--- What needs to be done ---
A verbatim copy of every record is needed.

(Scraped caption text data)

* * *

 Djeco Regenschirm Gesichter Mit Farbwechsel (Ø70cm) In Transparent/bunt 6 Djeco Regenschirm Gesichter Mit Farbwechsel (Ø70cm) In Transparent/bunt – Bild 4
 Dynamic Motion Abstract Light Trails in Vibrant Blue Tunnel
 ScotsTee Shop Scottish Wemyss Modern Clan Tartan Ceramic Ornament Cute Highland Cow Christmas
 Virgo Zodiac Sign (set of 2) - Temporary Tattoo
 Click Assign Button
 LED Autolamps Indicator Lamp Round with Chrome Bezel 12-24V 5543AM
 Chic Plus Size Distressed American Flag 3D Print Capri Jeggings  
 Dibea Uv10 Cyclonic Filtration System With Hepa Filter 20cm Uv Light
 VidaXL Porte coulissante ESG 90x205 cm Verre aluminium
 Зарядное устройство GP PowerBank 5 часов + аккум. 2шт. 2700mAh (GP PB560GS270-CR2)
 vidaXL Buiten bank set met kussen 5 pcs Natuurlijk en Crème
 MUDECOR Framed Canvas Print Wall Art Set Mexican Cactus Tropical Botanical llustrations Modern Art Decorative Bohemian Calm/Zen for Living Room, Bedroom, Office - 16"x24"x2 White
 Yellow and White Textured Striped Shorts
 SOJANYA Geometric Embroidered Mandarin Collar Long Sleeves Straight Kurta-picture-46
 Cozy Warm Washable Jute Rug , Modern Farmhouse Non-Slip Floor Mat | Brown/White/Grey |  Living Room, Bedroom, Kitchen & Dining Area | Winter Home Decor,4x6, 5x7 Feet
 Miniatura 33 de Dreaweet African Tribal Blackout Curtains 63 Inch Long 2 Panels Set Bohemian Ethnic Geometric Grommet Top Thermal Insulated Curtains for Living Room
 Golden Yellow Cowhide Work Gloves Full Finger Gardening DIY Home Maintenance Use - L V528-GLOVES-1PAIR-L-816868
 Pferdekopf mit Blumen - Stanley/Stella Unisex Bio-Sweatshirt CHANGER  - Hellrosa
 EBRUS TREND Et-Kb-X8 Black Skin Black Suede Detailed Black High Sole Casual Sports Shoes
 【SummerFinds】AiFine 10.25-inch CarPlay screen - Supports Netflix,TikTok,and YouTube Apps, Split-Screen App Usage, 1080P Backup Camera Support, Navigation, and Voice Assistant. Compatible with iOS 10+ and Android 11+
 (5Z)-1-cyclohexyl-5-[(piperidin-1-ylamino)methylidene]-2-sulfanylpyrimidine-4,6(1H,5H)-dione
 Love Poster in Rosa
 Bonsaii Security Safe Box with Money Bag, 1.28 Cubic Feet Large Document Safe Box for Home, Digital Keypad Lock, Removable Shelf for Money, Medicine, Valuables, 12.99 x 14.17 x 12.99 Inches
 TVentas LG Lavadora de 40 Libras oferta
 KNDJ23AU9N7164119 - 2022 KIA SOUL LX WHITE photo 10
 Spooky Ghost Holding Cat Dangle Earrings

* * *

--- Worked solution ---
 Djeco Regenschirm Gesichter Mit Farbwechsel (Ø70cm) In Transparent/bunt 6 Djeco Regenschirm Gesichter Mit Farbwechsel (Ø70cm) In Transparent/bunt – Bild 4
 Dynamic Motion Abstract Light Trails in Vibrant Blue Tunnel
 ScotsTee Shop Scottish Wemyss Modern Clan Tartan Ceramic Ornament Cute Highland Cow Christmas
 Virgo Zodiac Sign (set of 2) - Temporary Tattoo
 Click Assign Button
 LED Autolamps Indicator Lamp Round with Chrome Bezel 12-24V 5543AM
 Chic Plus Size Distressed American Flag 3D Print Capri Jeggings  
 Dibea Uv10 Cyclonic Filtration System With Hepa Filter 20cm Uv Light
 VidaXL Porte coulissante ESG 90x205 cm Verre aluminium
 Зарядное устройство GP PowerBank 5 часов + аккум. 2шт. 2700mAh (GP PB560GS270-CR2)
 vidaXL Buiten bank set met kussen 5 pcs Natuurlijk en Crème
 MUDECOR Framed Canvas Print Wall Art Set Mexican Cactus Tropical Botanical llustrations Modern Art Decorative Bohemian Calm/Zen for Living Room, Bedroom, Office - 16"x24"x2 White
 Yellow and White Textured Striped Shorts
 SOJANYA Geometric Embroidered Mandarin Collar Long Sleeves Straight Kurta-picture-46
 Cozy Warm Washable Jute Rug , Modern Farmhouse Non-Slip Floor Mat | Brown/White/Grey |  Living Room, Bedroom, Kitchen & Dining Area | Winter Home Decor,4x6, 5x7 Feet
 Miniatura 33 de Dreaweet African Tribal Blackout Curtains 63 Inch Long 2 Panels Set Bohemian Ethnic Geometric Grommet Top Thermal Insulated Curtains for Living Room
 Golden Yellow Cowhide Work Gloves Full Finger Gardening DIY Home Maintenance Use - L V528-GLOVES-1PAIR-L-816868
 Pferdekopf mit Blumen - Stanley/Stella Unisex Bio-Sweatshirt CHANGER  - Hellrosa
 EBRUS TREND Et-Kb-X8 Black Skin Black Suede Detailed Black High Sole Casual Sports Shoes
 【SummerFinds】AiFine 10.25-inch CarPlay screen - Supports Netflix,TikTok,and YouTube Apps, Split-Screen App Usage, 1080P Backup Camera Support, Navigation, and Voice Assistant. Compatible with iOS 10+ and Android 11+
 (5Z)-1-cyclohexyl-5-[(piperidin-1-ylamino)methylidene]-2-sulfanylpyrimidine-4,6(1H,5H)-dione
 Love Poster in Rosa
 Bonsaii Security Safe Box with Money Bag, 1.28 Cubic Feet Large Document Safe Box for Home, Digital Keypad Lock, Removable Shelf for Money, Medicine, Valuables, 12.99 x 14.17 x 12.99 Inches
 TVentas LG Lavadora de 40 Libras oferta
 KNDJ23AU9N7164119 - 2022 KIA SOUL LX WHITE photo 10
 Spooky Ghost Holding Cat Dangle Earrings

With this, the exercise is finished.